In the event that Mr. Kuehne’s employment is terminated by Mr. Kuehne other than as a result of a “change in control” (as defined in the Kuehne Employment Agreement), Mr. Kuehne will, subject to the provisions of the Kuehne Employment Agreement, generally be entitled to receive his accrued base salary and benefits through the date of such termination. In addition, all granted but unvested stock options and all unvested restricted stock will be null and void.

 

In the event that Mr. Kuehne’s employment is terminated by Mr. Kuehne as a result of a “change in control” (as defined in the Kuehne Employment Agreement), Mr. Kuehne will, subject to the provisions of the Kuehne Employment Agreement, generally be entitled to receive an amount equal to one year of his base salary payable in one lump sum within five business days after such termination and reimbursement of any COBRA premium payments made by Mr. Kuehne during such one-year period, except that, in the event the Company or the acquiror requests Mr. Kuehne to provide consulting services described in the Kuehne Employment Agreement, then the lump sum payment of an amount equal to one year of his base salary shall be payable upon the expiration of such consulting period. In addition, all granted but unvested stock options and all unvested restricted stock shall immediately vest.

 

In the event that Mr.

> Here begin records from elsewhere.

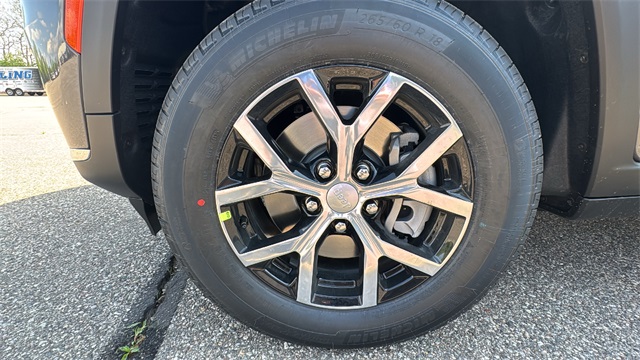 new 2025 Jeep Grand Cherokee L car, priced at $48,215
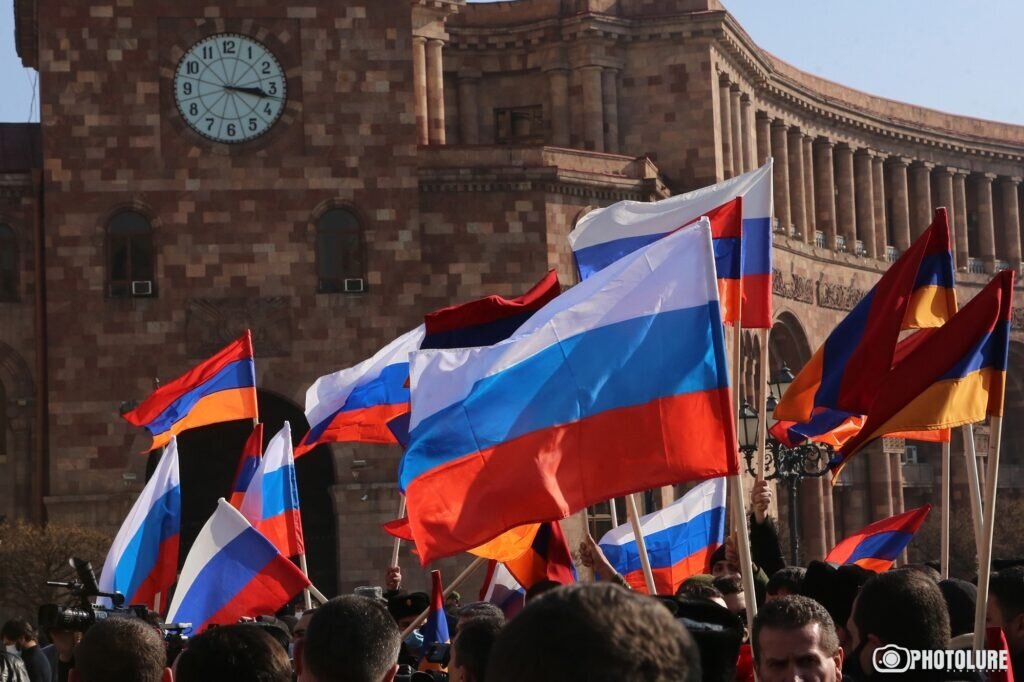 armenia-russia-flags-1-1024x682.jpg (137 KB)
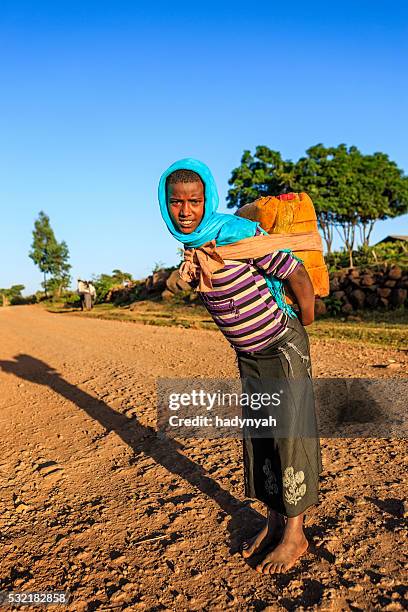african girl carrying water from the river, ethiopia, africa - carrying water stock pictures, royalty-free photos & images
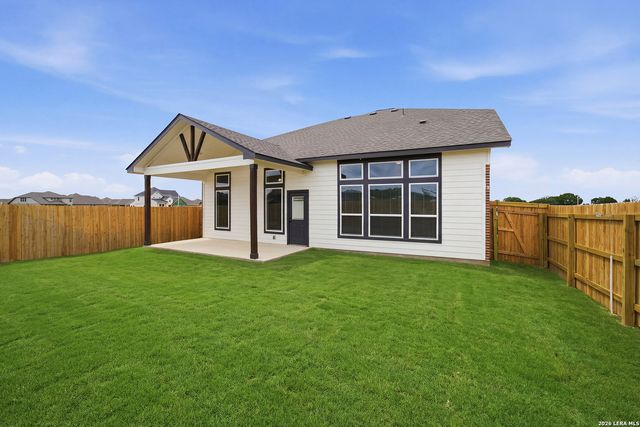 146 Richard Drive, Castroville, TX 78009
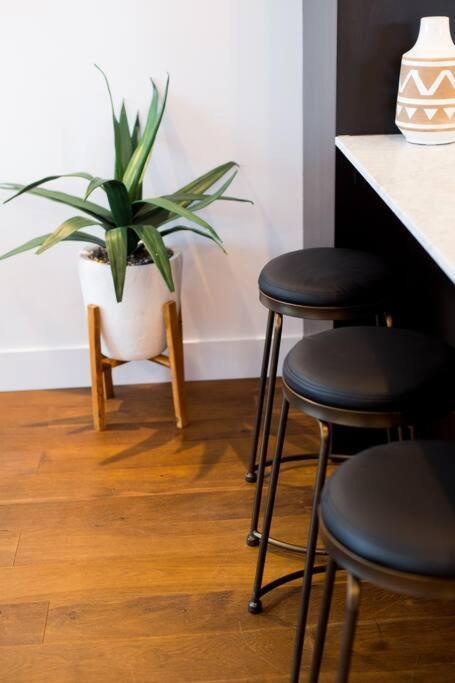 Sleek Condo In The Heart Of Little Italy By Den Stays Montreal Bagian luar foto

Kuehne fails to comply with any of his obligations under the Kuehne Employment Agreement, including, without limitation, the non-competition covenant and the non-interference, non-solicitation and non-disparagement provisions, Mr. Kuehne will be required to repay previous post termination payments paid to him pursuant to the Kuehne Employment Agreement as of the date of such failure to comply and he will have no further rights in or to such payments payable to him pursuant to the Kuehne Employment Agreement.

 

All payments and benefits provided under the Kuehne Employment Agreement shall be subject to any compensation recovery or clawback policy as required under applicable law, rule or regulation or otherwise adopted by the Company from time to time.

 

The foregoing description of the Kuehne Employment Agreement does not purport to be complete and is qualified in its entirety by reference to the Kuehne Employment Agreement, which is included as Exhibit 10.1 to this Current Report on Form 8-K (the “Report”) and incorporated herein by reference.

   

 

Item 5.02 Departure of Directors or Principal Officers; Election of Directors; Appointment of Principal Officers.

 

(e) The disclosure set forth in Item 1.01 of this Report with respect to Mr. Kuehne is incorporated herein by reference.

 

Item 9.01   Financial Statements and Exhibits

 

(d) Exhibits. The following Exhibit is filed herewith as a part of this Report:

 

Exhibit Description
   
10.1 Employment Agreement, dated as of May 16, 2016, between Black Diamond, Inc. and Aaron Kuehne.

 

   

 

SIGNATURES

 

Pursuant to the requirements of the Securities Exchange Act of 1934, as amended, the Registrant has duly caused this report to be signed on its behalf by the undersigned hereunto duly authorized.

 

Dated: May 20, 2016

 

Black Diamond, Inc.

 

By: /s/ Mark Ritchie

Name:  Mark Ritchie

Title:    Chief Operating Officer  

 

   

 

EXHIBIT INDEX

 

Exhibit Description
   
10.1 Employment Agreement, dated as of May 16, 2016, between Black Diamond, Inc. and Aaron Kuehne.